Work item
Only the lines below between the ones containing "129期[彩票飞扬]七星彩单双稳准必推" and "Chart showing Cash", inclusive, are to be reproduced, each exactly as it stands.

Given records
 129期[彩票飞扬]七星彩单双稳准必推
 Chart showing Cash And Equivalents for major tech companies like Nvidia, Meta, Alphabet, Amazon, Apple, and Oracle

* * *

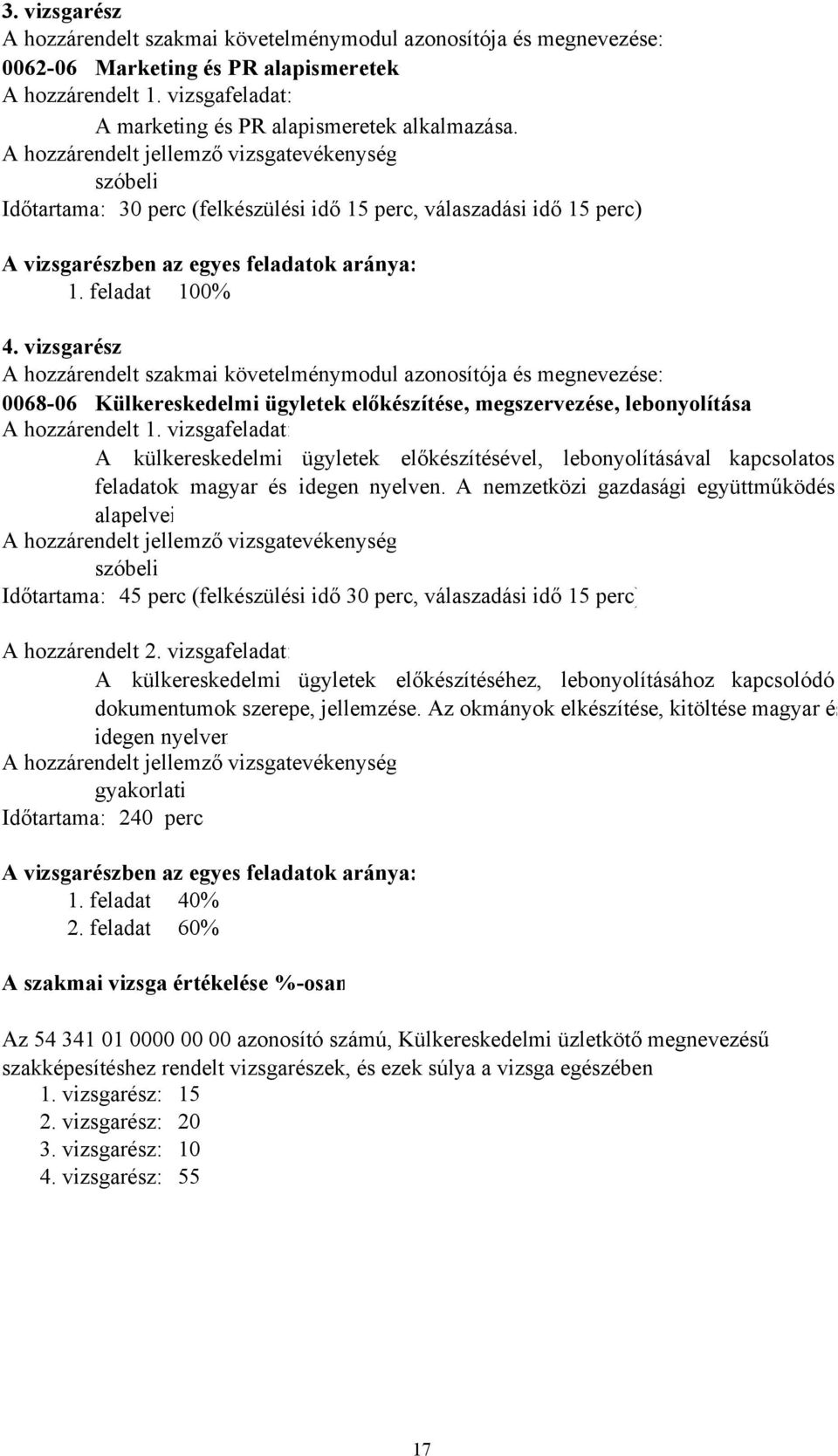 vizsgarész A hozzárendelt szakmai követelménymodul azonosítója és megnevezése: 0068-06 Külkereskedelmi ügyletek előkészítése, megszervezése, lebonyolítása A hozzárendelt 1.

==

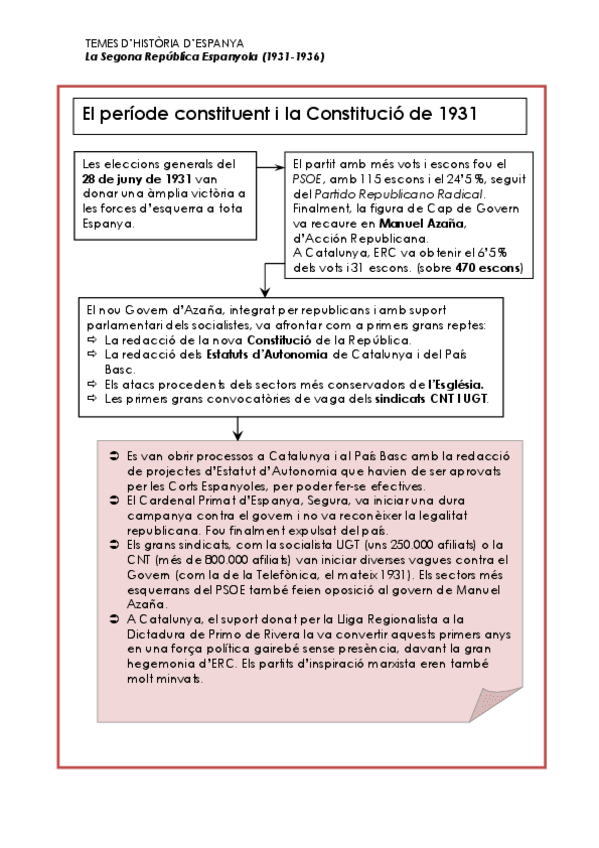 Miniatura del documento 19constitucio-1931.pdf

Solved problem
 129期[彩票飞扬]七星彩单双稳准必推
 Chart showing Cash And Equivalents for major tech companies like Nvidia, Meta, Alphabet, Amazon, Apple, and Oracle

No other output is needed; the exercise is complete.